= Beginning of Section =
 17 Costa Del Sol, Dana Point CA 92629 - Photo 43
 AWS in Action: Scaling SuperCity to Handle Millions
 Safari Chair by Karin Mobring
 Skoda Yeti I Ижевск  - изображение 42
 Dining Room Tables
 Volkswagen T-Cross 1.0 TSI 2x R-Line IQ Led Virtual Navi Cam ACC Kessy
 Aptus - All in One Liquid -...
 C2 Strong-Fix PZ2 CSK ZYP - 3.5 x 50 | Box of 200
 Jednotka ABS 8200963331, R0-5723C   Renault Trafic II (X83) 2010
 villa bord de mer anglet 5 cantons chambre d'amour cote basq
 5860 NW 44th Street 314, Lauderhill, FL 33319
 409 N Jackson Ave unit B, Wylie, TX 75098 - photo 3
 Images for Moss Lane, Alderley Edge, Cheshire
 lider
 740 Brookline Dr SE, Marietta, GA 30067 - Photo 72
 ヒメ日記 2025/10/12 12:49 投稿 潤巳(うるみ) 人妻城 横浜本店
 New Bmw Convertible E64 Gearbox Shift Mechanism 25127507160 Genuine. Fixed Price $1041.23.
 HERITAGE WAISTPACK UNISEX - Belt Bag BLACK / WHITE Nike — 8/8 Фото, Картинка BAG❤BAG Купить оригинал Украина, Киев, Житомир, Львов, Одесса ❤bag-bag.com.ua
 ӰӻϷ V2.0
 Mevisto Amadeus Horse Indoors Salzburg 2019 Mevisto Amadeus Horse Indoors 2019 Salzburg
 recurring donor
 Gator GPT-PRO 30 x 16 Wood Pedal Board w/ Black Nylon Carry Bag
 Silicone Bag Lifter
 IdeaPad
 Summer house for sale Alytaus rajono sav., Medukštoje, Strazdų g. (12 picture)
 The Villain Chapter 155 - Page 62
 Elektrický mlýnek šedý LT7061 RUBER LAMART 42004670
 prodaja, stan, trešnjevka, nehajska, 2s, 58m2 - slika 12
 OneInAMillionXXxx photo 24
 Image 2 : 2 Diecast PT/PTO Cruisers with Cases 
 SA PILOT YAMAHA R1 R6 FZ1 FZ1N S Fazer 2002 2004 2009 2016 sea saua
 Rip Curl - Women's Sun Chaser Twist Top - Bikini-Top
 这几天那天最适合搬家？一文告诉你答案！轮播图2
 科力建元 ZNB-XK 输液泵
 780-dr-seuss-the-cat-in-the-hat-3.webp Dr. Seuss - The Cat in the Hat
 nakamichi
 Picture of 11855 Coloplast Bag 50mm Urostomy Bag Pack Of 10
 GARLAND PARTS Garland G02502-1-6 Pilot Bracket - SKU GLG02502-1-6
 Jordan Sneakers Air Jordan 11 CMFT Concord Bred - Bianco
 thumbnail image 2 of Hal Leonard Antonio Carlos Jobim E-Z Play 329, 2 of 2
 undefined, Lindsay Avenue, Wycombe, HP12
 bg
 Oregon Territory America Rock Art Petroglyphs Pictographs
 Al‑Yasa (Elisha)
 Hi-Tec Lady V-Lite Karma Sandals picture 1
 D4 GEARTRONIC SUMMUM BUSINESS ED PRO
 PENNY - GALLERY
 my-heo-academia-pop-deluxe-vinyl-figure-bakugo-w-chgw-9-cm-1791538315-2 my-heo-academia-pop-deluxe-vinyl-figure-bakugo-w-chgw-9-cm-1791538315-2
= End of Section =
### DIRECTIONS FOR THIS TASK
The reply should hold only the lines from the beginning of the listing above through the line with "PENNY - GALLERY", each one written exactly as it appears.

### COMPLETED EXERCISE
 17 Costa Del Sol, Dana Point CA 92629 - Photo 43
 AWS in Action: Scaling SuperCity to Handle Millions
 Safari Chair by Karin Mobring
 Skoda Yeti I Ижевск  - изображение 42
 Dining Room Tables
 Volkswagen T-Cross 1.0 TSI 2x R-Line IQ Led Virtual Navi Cam ACC Kessy
 Aptus - All in One Liquid -...
 C2 Strong-Fix PZ2 CSK ZYP - 3.5 x 50 | Box of 200
 Jednotka ABS 8200963331, R0-5723C   Renault Trafic II (X83) 2010
 villa bord de mer anglet 5 cantons chambre d'amour cote basq
 5860 NW 44th Street 314, Lauderhill, FL 33319
 409 N Jackson Ave unit B, Wylie, TX 75098 - photo 3
 Images for Moss Lane, Alderley Edge, Cheshire
 lider
 740 Brookline Dr SE, Marietta, GA 30067 - Photo 72
 ヒメ日記 2025/10/12 12:49 投稿 潤巳(うるみ) 人妻城 横浜本店
 New Bmw Convertible E64 Gearbox Shift Mechanism 25127507160 Genuine. Fixed Price $1041.23.
 HERITAGE WAISTPACK UNISEX - Belt Bag BLACK / WHITE Nike — 8/8 Фото, Картинка BAG❤BAG Купить оригинал Украина, Киев, Житомир, Львов, Одесса ❤bag-bag.com.ua
 ӰӻϷ V2.0
 Mevisto Amadeus Horse Indoors Salzburg 2019 Mevisto Amadeus Horse Indoors 2019 Salzburg
 recurring donor
 Gator GPT-PRO 30 x 16 Wood Pedal Board w/ Black Nylon Carry Bag
 Silicone Bag Lifter
 IdeaPad
 Summer house for sale Alytaus rajono sav., Medukštoje, Strazdų g. (12 picture)
 The Villain Chapter 155 - Page 62
 Elektrický mlýnek šedý LT7061 RUBER LAMART 42004670
 prodaja, stan, trešnjevka, nehajska, 2s, 58m2 - slika 12
 OneInAMillionXXxx photo 24
 Image 2 : 2 Diecast PT/PTO Cruisers with Cases 
 SA PILOT YAMAHA R1 R6 FZ1 FZ1N S Fazer 2002 2004 2009 2016 sea saua
 Rip Curl - Women's Sun Chaser Twist Top - Bikini-Top
 这几天那天最适合搬家？一文告诉你答案！轮播图2
 科力建元 ZNB-XK 输液泵
 780-dr-seuss-the-cat-in-the-hat-3.webp Dr. Seuss - The Cat in the Hat
 nakamichi
 Picture of 11855 Coloplast Bag 50mm Urostomy Bag Pack Of 10
 GARLAND PARTS Garland G02502-1-6 Pilot Bracket - SKU GLG02502-1-6
 Jordan Sneakers Air Jordan 11 CMFT Concord Bred - Bianco
 thumbnail image 2 of Hal Leonard Antonio Carlos Jobim E-Z Play 329, 2 of 2
 undefined, Lindsay Avenue, Wycombe, HP12
 bg
 Oregon Territory America Rock Art Petroglyphs Pictographs
 Al‑Yasa (Elisha)
 Hi-Tec Lady V-Lite Karma Sandals picture 1
 D4 GEARTRONIC SUMMUM BUSINESS ED PRO
 PENNY - GALLERY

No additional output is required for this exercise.